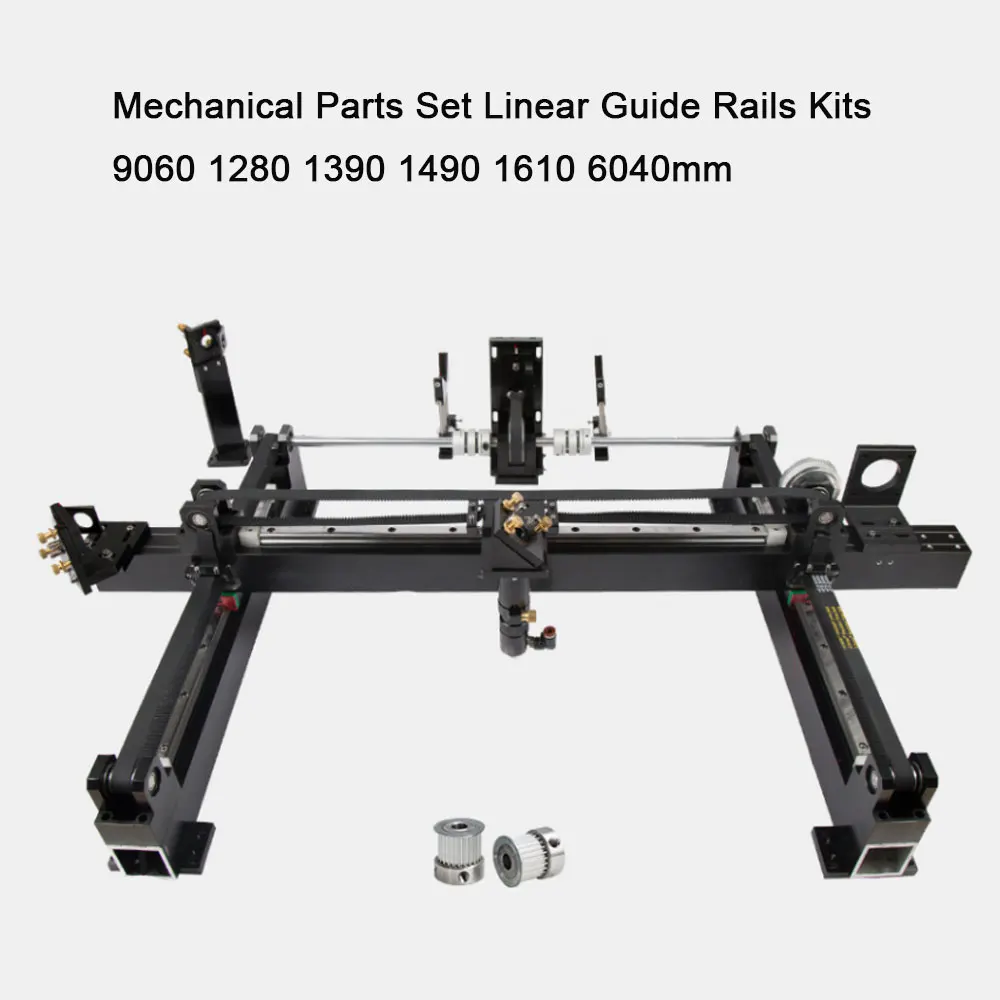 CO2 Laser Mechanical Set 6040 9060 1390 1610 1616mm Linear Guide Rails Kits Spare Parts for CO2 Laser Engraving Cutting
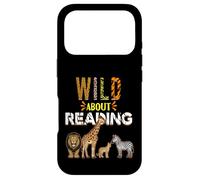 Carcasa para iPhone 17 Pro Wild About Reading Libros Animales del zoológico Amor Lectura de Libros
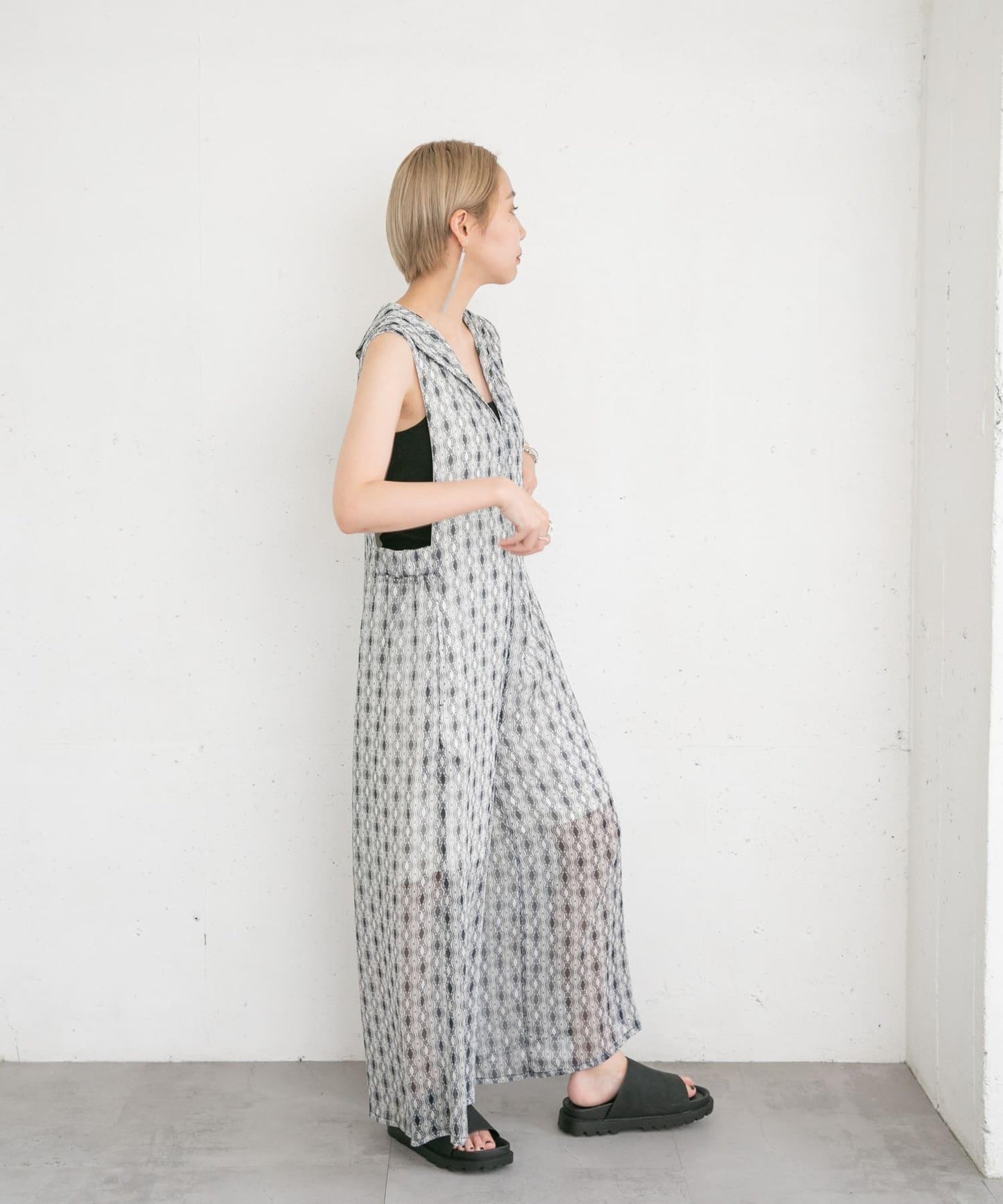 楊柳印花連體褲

__The problem__.
Please copy the data shown above precisely, leaving the images out.

__Task response__.
 CO2 Laser Mechanical Set 6040 9060 1390 1610 1616mm Linear Guide Rails Kits Spare Parts for CO2 Laser Engraving Cutting
 Carcasa para iPhone 17 Pro Wild About Reading Libros Animales del zoológico Amor Lectura de Libros
 楊柳印花連體褲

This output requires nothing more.